The data below holds the lines to copy: everything from the line containing "Рыбий жир, Омега" to the line containing "Ein Bild eines", both ends included, set down exactly.

START The data

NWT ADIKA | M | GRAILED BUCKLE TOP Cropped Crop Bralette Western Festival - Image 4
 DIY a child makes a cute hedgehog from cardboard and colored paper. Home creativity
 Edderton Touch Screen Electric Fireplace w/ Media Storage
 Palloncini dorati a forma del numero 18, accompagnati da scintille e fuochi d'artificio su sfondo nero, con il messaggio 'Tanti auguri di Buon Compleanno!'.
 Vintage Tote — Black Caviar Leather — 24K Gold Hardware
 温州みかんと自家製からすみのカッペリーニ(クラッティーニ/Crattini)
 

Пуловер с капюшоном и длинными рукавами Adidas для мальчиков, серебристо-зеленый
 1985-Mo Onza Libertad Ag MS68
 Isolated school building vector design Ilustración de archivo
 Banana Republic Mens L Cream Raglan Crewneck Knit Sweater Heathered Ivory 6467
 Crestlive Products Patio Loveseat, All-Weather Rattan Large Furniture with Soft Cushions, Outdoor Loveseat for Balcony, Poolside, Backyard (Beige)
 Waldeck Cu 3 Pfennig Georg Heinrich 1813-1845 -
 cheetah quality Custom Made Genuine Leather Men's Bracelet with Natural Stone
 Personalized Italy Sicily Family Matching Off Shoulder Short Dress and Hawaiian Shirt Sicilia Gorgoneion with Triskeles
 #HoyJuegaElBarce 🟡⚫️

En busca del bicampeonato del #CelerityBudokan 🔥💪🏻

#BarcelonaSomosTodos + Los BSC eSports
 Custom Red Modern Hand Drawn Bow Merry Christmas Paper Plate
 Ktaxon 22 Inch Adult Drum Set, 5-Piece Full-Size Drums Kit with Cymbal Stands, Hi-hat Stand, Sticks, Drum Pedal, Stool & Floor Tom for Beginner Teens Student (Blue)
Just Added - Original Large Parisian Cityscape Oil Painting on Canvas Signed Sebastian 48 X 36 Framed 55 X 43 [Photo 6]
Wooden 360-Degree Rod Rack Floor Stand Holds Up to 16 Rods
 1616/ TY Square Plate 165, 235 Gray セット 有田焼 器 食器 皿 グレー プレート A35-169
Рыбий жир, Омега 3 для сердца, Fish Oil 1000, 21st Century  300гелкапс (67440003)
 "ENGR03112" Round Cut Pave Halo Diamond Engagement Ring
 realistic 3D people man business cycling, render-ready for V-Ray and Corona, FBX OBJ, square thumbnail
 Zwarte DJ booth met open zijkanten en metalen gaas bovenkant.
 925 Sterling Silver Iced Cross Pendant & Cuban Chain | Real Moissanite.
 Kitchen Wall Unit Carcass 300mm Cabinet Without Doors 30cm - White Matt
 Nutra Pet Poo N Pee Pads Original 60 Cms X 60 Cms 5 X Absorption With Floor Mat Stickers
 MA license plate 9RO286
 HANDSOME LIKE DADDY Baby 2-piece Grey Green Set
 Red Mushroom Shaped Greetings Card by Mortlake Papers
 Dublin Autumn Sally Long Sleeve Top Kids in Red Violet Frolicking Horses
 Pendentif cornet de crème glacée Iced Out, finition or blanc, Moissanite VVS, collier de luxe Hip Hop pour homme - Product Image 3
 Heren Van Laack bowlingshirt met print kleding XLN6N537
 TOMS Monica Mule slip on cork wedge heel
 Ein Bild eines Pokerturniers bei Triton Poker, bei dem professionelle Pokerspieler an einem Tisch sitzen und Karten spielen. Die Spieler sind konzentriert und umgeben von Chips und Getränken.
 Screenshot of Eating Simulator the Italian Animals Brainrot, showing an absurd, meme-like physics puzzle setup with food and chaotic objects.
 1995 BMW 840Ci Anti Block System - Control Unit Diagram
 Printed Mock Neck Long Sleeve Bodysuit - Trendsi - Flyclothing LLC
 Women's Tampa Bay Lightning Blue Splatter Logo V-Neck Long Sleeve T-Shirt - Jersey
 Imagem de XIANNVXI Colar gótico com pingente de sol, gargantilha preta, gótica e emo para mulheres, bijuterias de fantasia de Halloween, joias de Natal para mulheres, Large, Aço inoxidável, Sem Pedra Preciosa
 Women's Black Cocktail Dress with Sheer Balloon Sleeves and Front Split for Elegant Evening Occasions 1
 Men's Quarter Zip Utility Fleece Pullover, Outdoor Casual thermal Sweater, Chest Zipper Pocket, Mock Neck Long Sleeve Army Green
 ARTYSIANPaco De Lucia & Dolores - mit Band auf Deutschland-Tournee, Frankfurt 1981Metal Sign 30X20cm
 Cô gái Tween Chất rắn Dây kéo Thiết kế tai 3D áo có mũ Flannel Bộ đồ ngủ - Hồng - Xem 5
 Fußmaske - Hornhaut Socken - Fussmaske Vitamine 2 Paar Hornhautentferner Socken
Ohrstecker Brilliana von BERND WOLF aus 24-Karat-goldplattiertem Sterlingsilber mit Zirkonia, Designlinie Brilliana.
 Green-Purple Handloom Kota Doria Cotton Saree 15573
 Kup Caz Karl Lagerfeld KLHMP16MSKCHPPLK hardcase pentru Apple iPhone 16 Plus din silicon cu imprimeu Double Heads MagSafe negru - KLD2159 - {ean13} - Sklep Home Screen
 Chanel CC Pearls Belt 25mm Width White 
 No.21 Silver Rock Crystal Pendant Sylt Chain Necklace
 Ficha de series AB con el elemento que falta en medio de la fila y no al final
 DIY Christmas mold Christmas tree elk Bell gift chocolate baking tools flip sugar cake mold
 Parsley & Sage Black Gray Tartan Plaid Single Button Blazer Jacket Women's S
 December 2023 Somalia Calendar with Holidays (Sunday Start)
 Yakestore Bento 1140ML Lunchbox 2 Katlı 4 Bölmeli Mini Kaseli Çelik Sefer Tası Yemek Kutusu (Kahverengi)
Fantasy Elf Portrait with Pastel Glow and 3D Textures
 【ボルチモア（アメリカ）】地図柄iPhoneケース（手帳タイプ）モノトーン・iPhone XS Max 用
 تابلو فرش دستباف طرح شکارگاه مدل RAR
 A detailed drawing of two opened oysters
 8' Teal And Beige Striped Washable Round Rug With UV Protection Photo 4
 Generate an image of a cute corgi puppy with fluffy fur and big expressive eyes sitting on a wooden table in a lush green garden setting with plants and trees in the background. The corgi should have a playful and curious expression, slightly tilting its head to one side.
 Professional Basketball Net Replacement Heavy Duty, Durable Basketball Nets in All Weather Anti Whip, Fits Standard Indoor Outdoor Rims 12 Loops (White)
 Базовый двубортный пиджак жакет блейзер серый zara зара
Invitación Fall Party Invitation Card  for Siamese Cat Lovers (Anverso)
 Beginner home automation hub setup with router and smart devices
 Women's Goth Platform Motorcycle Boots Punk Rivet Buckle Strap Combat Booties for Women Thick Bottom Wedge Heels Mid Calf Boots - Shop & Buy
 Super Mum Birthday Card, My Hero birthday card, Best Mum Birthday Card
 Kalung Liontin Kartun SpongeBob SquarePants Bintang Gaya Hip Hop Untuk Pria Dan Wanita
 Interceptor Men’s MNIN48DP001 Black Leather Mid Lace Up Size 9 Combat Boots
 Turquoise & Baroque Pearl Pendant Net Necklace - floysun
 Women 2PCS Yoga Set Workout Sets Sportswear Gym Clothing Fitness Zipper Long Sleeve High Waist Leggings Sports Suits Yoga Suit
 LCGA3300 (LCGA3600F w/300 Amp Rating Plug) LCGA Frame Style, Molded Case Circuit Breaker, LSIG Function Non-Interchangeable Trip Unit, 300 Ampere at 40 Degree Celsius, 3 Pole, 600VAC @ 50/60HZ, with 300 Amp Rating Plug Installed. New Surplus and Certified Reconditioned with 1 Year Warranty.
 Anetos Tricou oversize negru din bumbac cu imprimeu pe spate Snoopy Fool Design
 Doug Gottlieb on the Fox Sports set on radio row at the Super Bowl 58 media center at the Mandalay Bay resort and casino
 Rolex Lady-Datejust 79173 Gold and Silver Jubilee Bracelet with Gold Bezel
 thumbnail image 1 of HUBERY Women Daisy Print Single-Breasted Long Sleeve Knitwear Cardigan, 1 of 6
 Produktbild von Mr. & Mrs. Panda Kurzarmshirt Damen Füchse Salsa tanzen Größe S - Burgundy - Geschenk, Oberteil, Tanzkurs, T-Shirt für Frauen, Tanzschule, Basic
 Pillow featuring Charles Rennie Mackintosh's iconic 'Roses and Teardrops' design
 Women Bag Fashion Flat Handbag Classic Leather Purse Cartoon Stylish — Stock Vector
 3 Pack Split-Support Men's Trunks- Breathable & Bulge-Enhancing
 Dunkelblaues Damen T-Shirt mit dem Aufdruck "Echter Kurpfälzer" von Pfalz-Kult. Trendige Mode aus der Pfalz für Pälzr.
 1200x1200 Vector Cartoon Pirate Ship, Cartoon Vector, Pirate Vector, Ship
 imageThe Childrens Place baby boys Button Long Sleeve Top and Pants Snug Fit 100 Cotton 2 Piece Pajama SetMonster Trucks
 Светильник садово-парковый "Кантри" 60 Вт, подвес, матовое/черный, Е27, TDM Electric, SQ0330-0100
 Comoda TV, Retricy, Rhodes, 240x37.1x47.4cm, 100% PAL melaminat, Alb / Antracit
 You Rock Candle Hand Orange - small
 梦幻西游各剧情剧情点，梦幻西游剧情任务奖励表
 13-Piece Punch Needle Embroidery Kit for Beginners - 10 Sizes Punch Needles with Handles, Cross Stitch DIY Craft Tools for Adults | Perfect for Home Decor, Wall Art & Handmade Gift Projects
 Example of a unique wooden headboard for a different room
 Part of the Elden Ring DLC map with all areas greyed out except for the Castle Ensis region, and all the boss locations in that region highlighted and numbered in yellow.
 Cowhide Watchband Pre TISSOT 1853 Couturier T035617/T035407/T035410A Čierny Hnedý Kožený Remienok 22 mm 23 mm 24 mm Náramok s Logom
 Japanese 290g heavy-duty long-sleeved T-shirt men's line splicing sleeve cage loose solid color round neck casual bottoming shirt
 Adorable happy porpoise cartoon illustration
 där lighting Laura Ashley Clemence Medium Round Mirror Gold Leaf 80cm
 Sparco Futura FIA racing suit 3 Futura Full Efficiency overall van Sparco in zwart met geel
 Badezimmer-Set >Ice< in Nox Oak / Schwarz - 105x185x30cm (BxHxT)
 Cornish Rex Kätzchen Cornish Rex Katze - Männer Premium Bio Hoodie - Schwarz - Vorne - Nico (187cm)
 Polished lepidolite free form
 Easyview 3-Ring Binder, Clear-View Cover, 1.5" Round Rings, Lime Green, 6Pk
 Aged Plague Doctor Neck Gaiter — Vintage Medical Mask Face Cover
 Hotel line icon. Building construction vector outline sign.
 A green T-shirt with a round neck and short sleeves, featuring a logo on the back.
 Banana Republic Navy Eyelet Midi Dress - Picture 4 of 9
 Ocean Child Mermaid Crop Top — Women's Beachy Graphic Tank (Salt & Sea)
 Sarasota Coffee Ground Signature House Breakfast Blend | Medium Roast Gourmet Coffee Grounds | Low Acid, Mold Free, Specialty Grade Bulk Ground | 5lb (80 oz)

END The data

**Finished task**.
Рыбий жир, Омега 3 для сердца, Fish Oil 1000, 21st Century  300гелкапс (67440003)
 "ENGR03112" Round Cut Pave Halo Diamond Engagement Ring
 realistic 3D people man business cycling, render-ready for V-Ray and Corona, FBX OBJ, square thumbnail
 Zwarte DJ booth met open zijkanten en metalen gaas bovenkant.
 925 Sterling Silver Iced Cross Pendant & Cuban Chain | Real Moissanite.
 Kitchen Wall Unit Carcass 300mm Cabinet Without Doors 30cm - White Matt
 Nutra Pet Poo N Pee Pads Original 60 Cms X 60 Cms 5 X Absorption With Floor Mat Stickers
 MA license plate 9RO286
 HANDSOME LIKE DADDY Baby 2-piece Grey Green Set
 Red Mushroom Shaped Greetings Card by Mortlake Papers
 Dublin Autumn Sally Long Sleeve Top Kids in Red Violet Frolicking Horses
 Pendentif cornet de crème glacée Iced Out, finition or blanc, Moissanite VVS, collier de luxe Hip Hop pour homme - Product Image 3
 Heren Van Laack bowlingshirt met print kleding XLN6N537
 TOMS Monica Mule slip on cork wedge heel
 Ein Bild eines Pokerturniers bei Triton Poker, bei dem professionelle Pokerspieler an einem Tisch sitzen und Karten spielen. Die Spieler sind konzentriert und umgeben von Chips und Getränken.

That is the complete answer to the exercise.